The problem -> Set down the records below in full, exactly as they read.

Exercise data ->
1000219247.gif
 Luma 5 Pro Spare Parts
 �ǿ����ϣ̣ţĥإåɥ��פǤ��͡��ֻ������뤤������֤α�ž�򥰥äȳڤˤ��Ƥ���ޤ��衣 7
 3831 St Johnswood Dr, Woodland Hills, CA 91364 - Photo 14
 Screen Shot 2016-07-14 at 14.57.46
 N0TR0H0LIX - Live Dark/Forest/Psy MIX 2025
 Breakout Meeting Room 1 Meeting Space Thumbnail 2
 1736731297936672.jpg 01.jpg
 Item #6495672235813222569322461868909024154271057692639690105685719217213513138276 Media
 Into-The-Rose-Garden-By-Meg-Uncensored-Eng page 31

Answer ->
1000219247.gif
 Luma 5 Pro Spare Parts
 �ǿ����ϣ̣ţĥإåɥ��פǤ��͡��ֻ������뤤������֤α�ž�򥰥äȳڤˤ��Ƥ���ޤ��衣 7
 3831 St Johnswood Dr, Woodland Hills, CA 91364 - Photo 14
 Screen Shot 2016-07-14 at 14.57.46
 N0TR0H0LIX - Live Dark/Forest/Psy MIX 2025
 Breakout Meeting Room 1 Meeting Space Thumbnail 2
 1736731297936672.jpg 01.jpg
 Item #6495672235813222569322461868909024154271057692639690105685719217213513138276 Media
 Into-The-Rose-Garden-By-Meg-Uncensored-Eng page 31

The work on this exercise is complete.